Re: [PATCH v2 2/2] media: imx: vdic: Introduce mem2mem VDI deinterlacer driver

Philipp Zabel <p.zabel@xxxxxxxxxxxxxx> · Thu, 26 Sep 2024 13:14:16 +0200

Hi,

On Mi, 2024-09-25 at 22:14 +0200, Marek Vasut wrote:
> The userspace could distribute the frames between the two devices in an 
> alternating manner, can it not ?

This doesn't help with latency, or when converting a single large
frame.

For the deinterlacer, this can't be done with the motion-aware
temporally filtering modes. Those need a field from the previous frame.

> 
> Would the 1280x360 field be split into two tiles vertically and each 
> tile (newly 1280/2 x 360) be enqueued on each VDIC ? I don't think that 
> works, because you wouldn't be able to stitch those tiles back together 
> nicely after the deinterlacing, would you? I would expect to see some 
> sort of an artifact exactly where the two tiles got stitched back 
> together, because the VDICs are unaware of each other and how each 
> deinterlaced the tile.

I was thinking horizontally, two 640x720 tiles side by side. 1280 is
larger than the 968 pixel maximum horizontal resolution of the VDIC.

As you say, splitting vertically (which would be required for 1080i)
should cause artifacts at the seam due to the 4-tap vertical filter.

[...]
> > 
> > With the rigid V4L2 model though, where memory handling, parameter
> > calculation, and job scheduling of tiles in a single frame all have to
> > be hidden behind the V4L2 API, I don't think requiring userspace to
> > combine multiple mem2mem video devices to work together on a single
> > frame is feasible.
> 
> If your concern is throughput (from what I gathered from the text 
> above), userspace could schedule frames on either VDIC in alternating 
> manner.

Both throughput and latency.

Yes, alternating to different devices would help with throughput where
possible, but it's worse for frame pacing, a hassle to implement
generically in userspace, and it's straight up impossible with temporal
filtering.

> I think this is much better and actually generic approach than trying to 
> combine two independent devices on kernel level and introduce some sort 
> of scheduler into kernel driver to distribute jobs between the two 
> devices. Generic, because this approach works even if either of the two 
> devices is not VDIC. Independent devices, because yes, the MX6Q IPUs are 
> two independent blocks, it is only the current design of the IPUv3 
> driver that makes them look kind-of like they are one single big device, 
> I am not happy about that design, but rewriting the IPUv3 driver is way 
> out of scope here. (*)

The IPUs are glued together at the capture and output paths, so yes,
they are independent blocks, but also work together as a big device.

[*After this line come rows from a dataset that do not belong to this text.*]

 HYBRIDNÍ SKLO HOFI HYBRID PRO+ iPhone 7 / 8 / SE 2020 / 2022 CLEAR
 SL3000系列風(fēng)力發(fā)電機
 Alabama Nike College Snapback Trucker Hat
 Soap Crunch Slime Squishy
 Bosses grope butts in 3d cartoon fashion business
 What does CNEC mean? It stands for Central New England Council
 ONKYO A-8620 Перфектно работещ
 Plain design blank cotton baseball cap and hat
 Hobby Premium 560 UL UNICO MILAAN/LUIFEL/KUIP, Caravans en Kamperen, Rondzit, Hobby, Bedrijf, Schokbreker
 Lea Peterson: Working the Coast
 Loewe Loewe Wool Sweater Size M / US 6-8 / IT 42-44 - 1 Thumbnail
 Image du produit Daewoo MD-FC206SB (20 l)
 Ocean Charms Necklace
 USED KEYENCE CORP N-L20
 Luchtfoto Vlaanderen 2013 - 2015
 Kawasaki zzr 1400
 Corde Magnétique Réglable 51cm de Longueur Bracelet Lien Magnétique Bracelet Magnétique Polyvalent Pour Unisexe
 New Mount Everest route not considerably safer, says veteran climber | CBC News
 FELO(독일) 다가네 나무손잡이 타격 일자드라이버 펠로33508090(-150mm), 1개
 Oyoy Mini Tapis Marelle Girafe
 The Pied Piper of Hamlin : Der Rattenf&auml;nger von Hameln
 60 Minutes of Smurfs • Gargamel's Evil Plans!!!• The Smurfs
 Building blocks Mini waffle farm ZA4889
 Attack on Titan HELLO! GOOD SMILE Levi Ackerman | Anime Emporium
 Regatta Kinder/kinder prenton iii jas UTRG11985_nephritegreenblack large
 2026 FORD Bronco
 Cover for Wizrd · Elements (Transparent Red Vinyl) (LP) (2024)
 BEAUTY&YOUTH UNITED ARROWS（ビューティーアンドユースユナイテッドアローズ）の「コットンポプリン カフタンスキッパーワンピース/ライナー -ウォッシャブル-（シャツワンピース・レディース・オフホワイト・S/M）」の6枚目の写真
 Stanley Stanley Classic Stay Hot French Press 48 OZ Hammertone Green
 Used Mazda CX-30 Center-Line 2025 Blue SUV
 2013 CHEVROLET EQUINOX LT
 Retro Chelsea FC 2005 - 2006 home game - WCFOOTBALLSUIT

> > Is limiting different users to the different deinterlacer hardware
> > units a real usecase? I saw the two ICs, when used as mem2mem devices,
> > as interchangeable resources.
> 
> I do not have that use case, but I can imagine it could come up.
> In my case, I schedule different cameras to different VDICs from 
> userspace as needed.

Is this just because a single VDIC does not have enough throughput to
serve all cameras, or is there some reason for a fixed assignment
between cameras and VDICs?

> > > > To be fair, we never implemented that for the CSC/scaler mem2mem device
> > > > either.
> > > 
> > > I don't think that is actually a good idea. Instead, it would be better
> > > to have two scaler nodes in userspace.
> > 
> > See above, that would make it impossible (or rather unreasonably
> > complicated) to distribute work on a single frame to both IPUs.
> 
> Is your concern latency instead of throughput ? See my comment in 
> paragraph (*) .

Either, depending on the use case.

[...]
> > > > 
> > > https://git.kernel.org/pub/scm/linux/kernel/git/torvalds/linux.git/tree/drivers/staging/media/imx/imx-media-vdic.c#n207
> > 
> > That code is unused. The direct hardware path doesn't use
> > IPUV3_CHANNEL_MEM_VDI_PREV/CUR/NEXT, but is has a similar effect, half
> > of the incoming fields are dropped. The setup is vdic_setup_direct().
> 
> All right, let's drop that unused code then, I'll prepare a patch.

Thanks!

> But it seems the bottom line is, the VDI direct mode does not act as a 
> frame-rate doubler ?

Yes, it can't. In direct mode, VDIC only receives half of the fields.

[...]
> > > 
> Why would adding the (configurable) frame-rate doubling mode break 
> userspace if this is not the default ?

I'm not sure it would. Maybe there should be a deinterlacer control to
choose between full and half field rate output (aka frame doubling and
1:1 input to output frame rate).

Also, my initial assumption was that currently there is 1:1 input
frames to output frames. But with temporal filtering enabled there's
already one input frame (the first one) that doesn't produce any
output.

> > > > If we don't start with that supported, I fear userspace will make
> > > > assumptions and be surprised when a full rate mode is added later.
> > > 
> > > I'm afraid that since the current VDI already does retain input frame
> > > rate instead of doubling it, the userspace already makes an assumption,
> > > so that ship has sailed.
> > 
> > No, this is about the deinterlacer mem2mem device, which doesn't exist
> > before this series.
> 
> I am not convinced it is OK if the direct VDI path and mem2mem VDI 
> behave differently, that would be surprising to me as a user ?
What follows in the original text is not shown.